Последнее письмо вашего высочества особенно глубоко тронуло меня и усугубило, если возможно, чувство живейшей преданности к особе вашей.

К П. И. Юргенсону

31 мая 1888 года.

<…> Теперь насчет «Биографии Моцарта» Улыбышева. Я вчера посвятил два вечерних часа началу перевода и сделал всего четыре страницы. Так как страниц гораздо более тысячи и так как далеко не каждый день я могу уделять время для перевода, то я рассчитал, что нужно будет года три, чтобы сделать все, да и то при условии отнимать время от сочинения, чего мне страх как не хочется. На этом основании я предложил находившемуся вчера здесь и уже уехавшему на Кавказ Модесту взять этот перевод на себя и посвятить ему все свое время, ибо книга в самом деле замечательная. Модест с большой охотой взял на себя перевод, а что касается специально музыкальной стороны, то я проредактирую его, и ты напечатаешь «перевод М. и П. Чайковских». Кроме того, я напишу предисловие. Согласен ли ты на это? Если да, то письменно поощри Модеста. Конечно, ты должен ему (или нам) заплатить. Сочинение огромное; издержки на перевод и издание будут очень большие. Сообрази все это, и быть может, ты откажешься от намерения издавать. В таком случае тоже немедленно сообщи Модесту. Книга Улыбышева прекрасная, но есть ли тебе выгода печатать и можешь ли ты рассчитывать на большой сбыт?

V

К Н. Ф. фон Мекк

Фроловское. 1 июня 1888 года.

<…> Я очень озабочен в настоящее время вопросами о цветах и о цветоводстве; хотелось бы иметь как можно больше цветов в саду своем, а знаний и опытности никаких нет. Но усердия очень много, и, должно быть, именно роясь и копаясь в сырой земле, я простудился. Слава Богу, наступило тепло; я радуюсь и за вас, и за себя, и за милые цветы мои, которых я насеял в грунт огромное множество и очень боялся холодных ночей. Надеюсь, что ничего не погибнет.

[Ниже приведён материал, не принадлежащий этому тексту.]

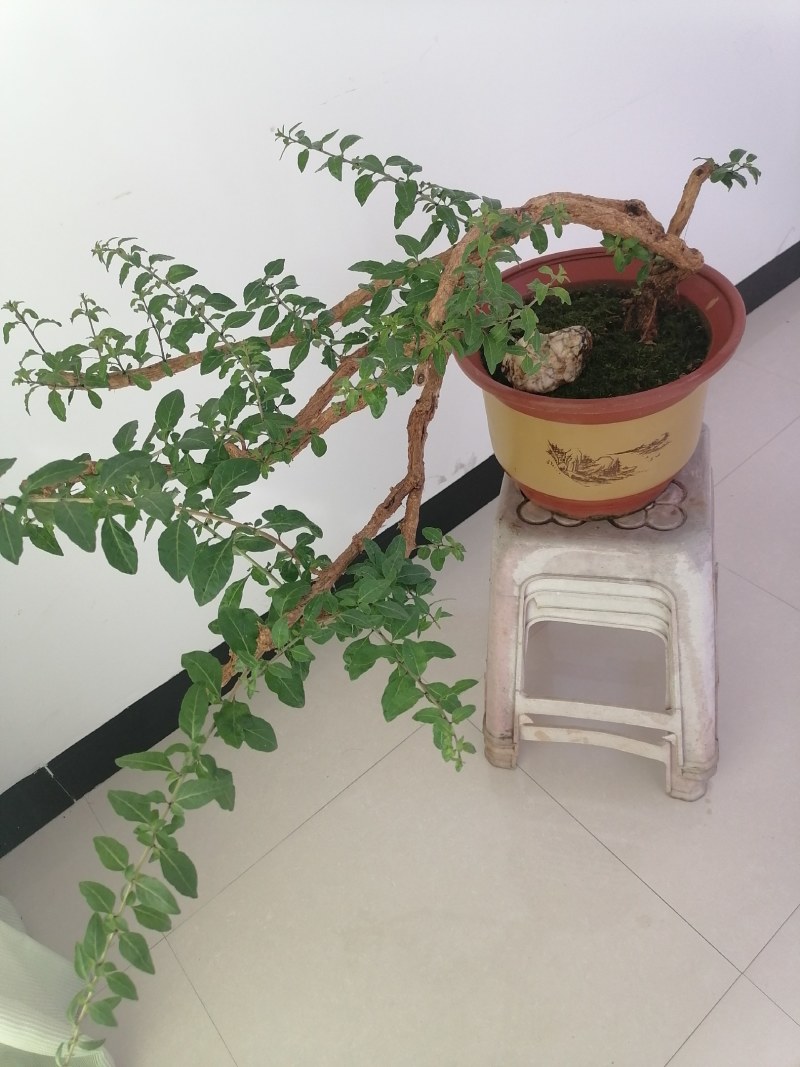 枸杞盆栽大小老桩生熟桩量大可以长年供货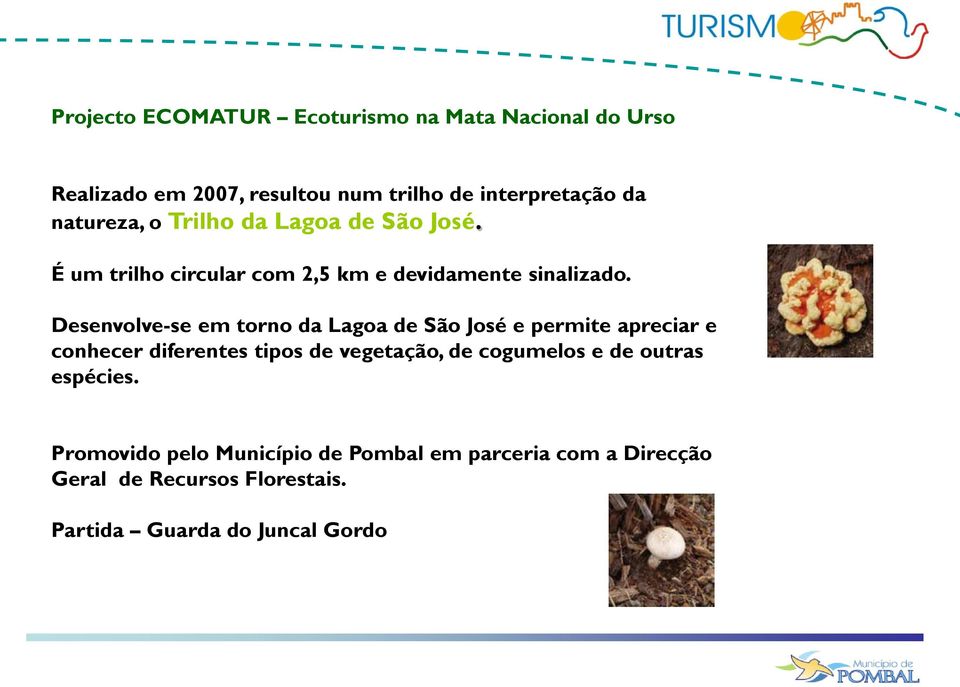 Desenvolve-se em torno da Lagoa de São José e permite apreciar e conhecer diferentes tipos de vegetação, de cogumelos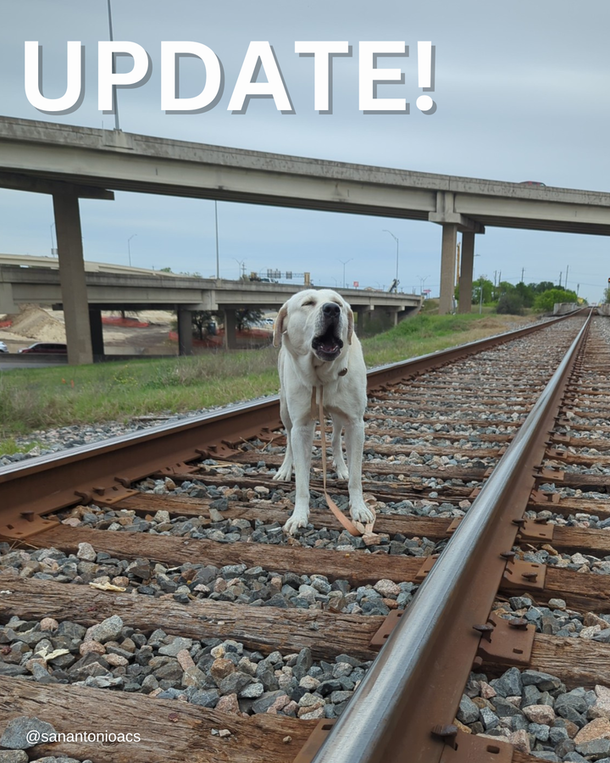 Miraculously Saved: Dog Nailed to Railroad Track Finds a New Home - picture 3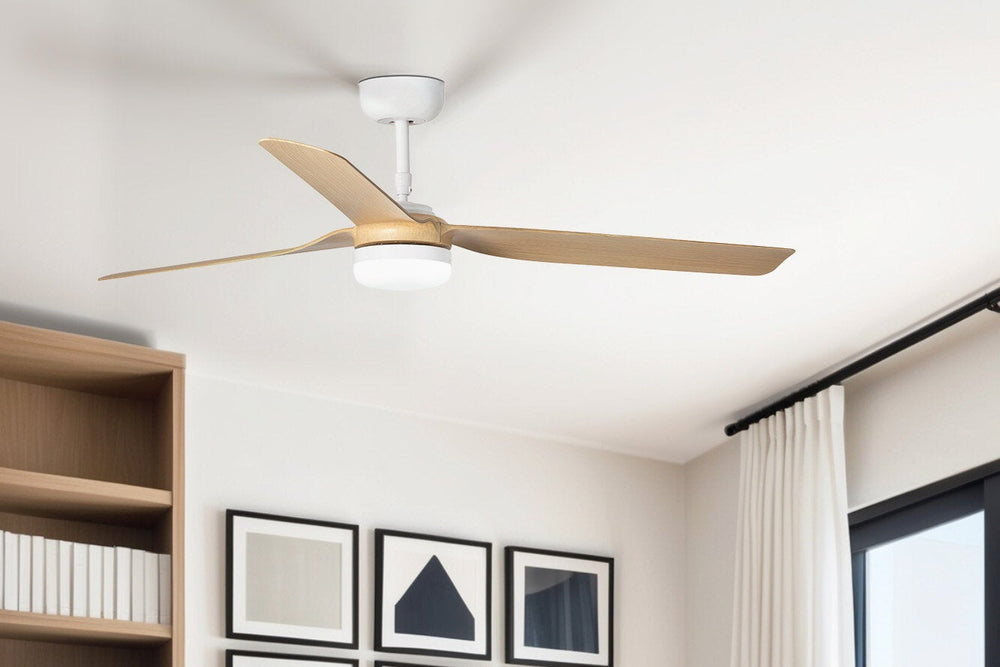 Ceiling Fan Accessories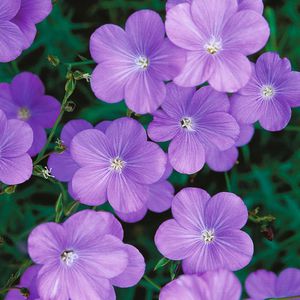 ������� ������ ������ Godetia ����� ������ ��� ���� ��� �������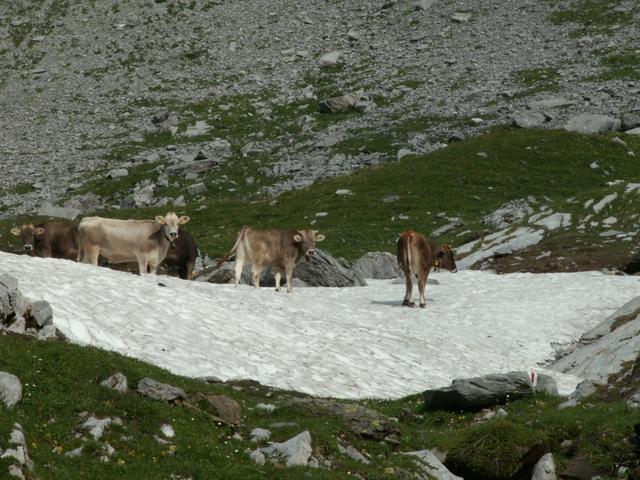 Kühe beim Schnee schlecken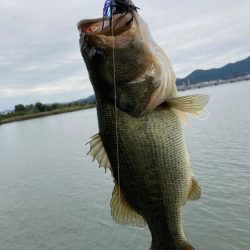 琵琶湖も一気に秋めいてきました
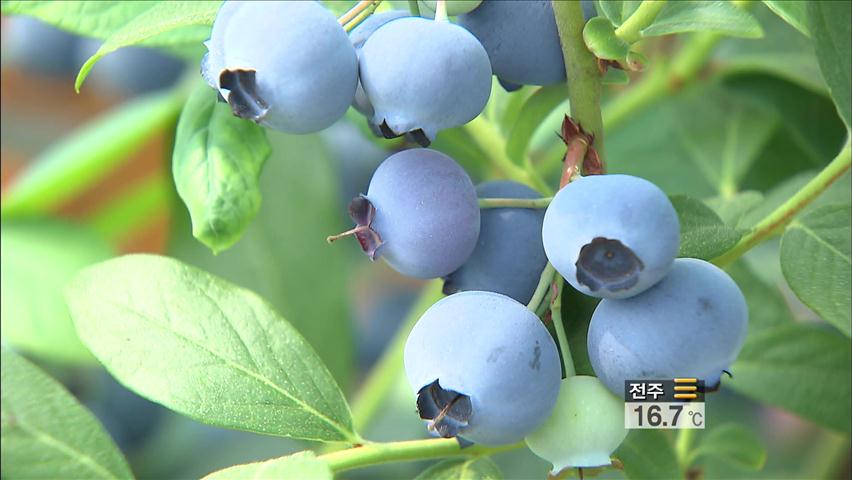 블루베리 수입 앞두고 농가 ‘불안’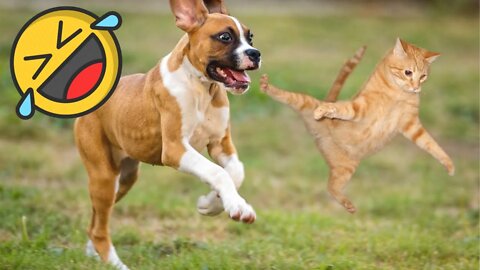 Best Funniest Pet Videos - Best Funny Animal Videos - Funny Cats and Dogs - Compilation! #22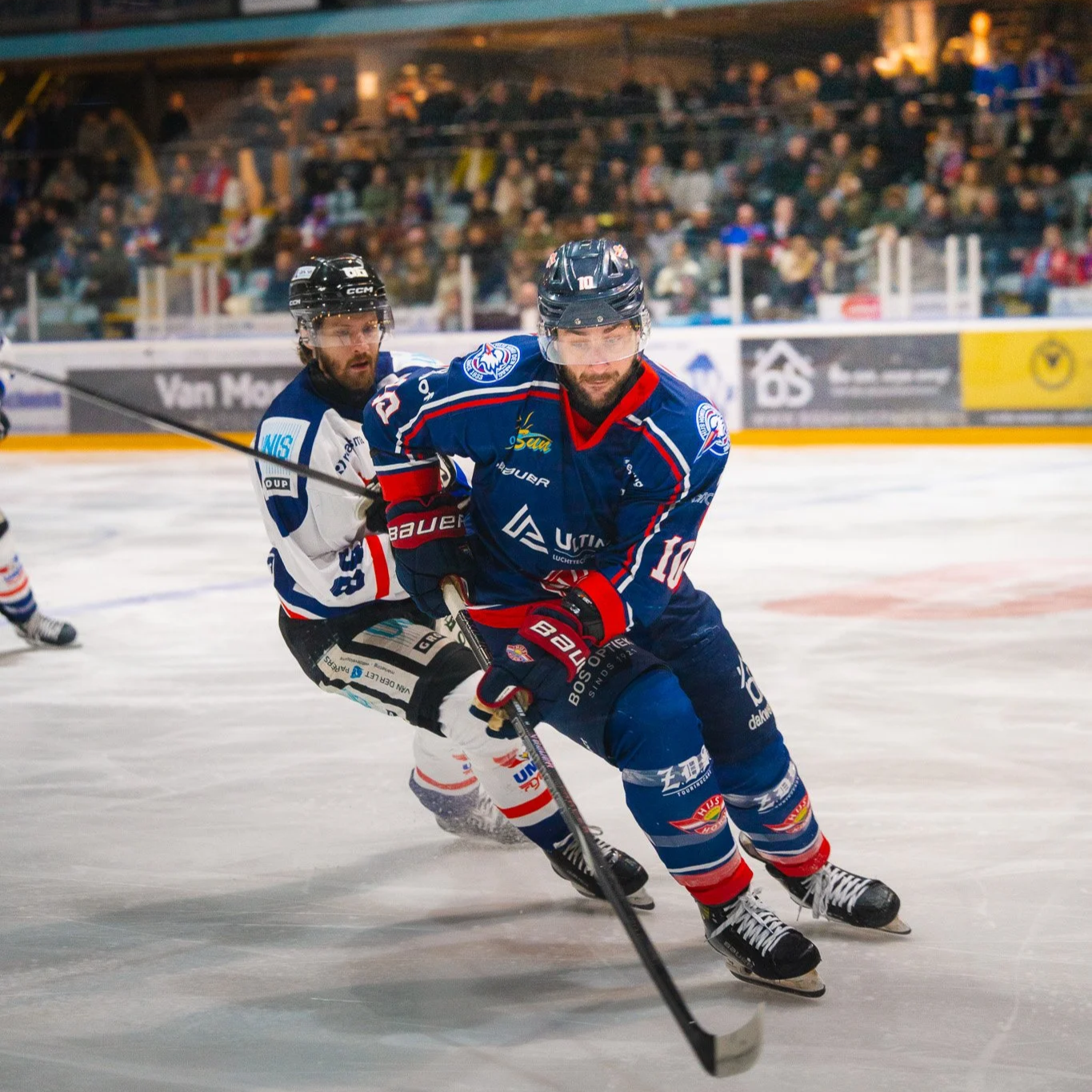 Midseason CEHL Cup Standings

Консерваторские экзамены оставили во мне самое приятное впечатление. Благодаря энергии, добросовестности и любви к делу Танеева все идет очень хорошо. Плохи только финансовые дела консерватории, и в нынешнем году большой дефицит. Но мы решили с будущего года держаться строжайшей экономии и сократили в смете будущего года все, без чего можно без особенного ущерба обойтись. – Как только здоровье мое совершенно восстановится (у меня флюс и лихорадочное состояние), примусь за работу.

К Н. Ф. фон Мекк.

Фроловское. 10 июня 1888 года.

<…> Буду теперь усиленно работать; мне ужасно хочется доказать не только другим, но и самому себе, что я еще не выдохся. Частенько находит на меня сомнение в себе и является вопрос: не пора ли остановиться, не слишком ли напрягал я всегда свою фантазию, не иссяк ли источник? Ведь когда-нибудь должно же это случиться, если мне суждено еще десяток-другой лет прожить, и почему знать, что не пришло уже время слагать оружие? Не знаю, писал ли я вам, что решился симфонию писать? Сначала шло довольно туго; теперь вдохновение как будто снизошло. Увидим! Все эти дни я был в состоянии выздоравливания и надеюсь, что теперь, наконец, здоровье совсем восстановилось.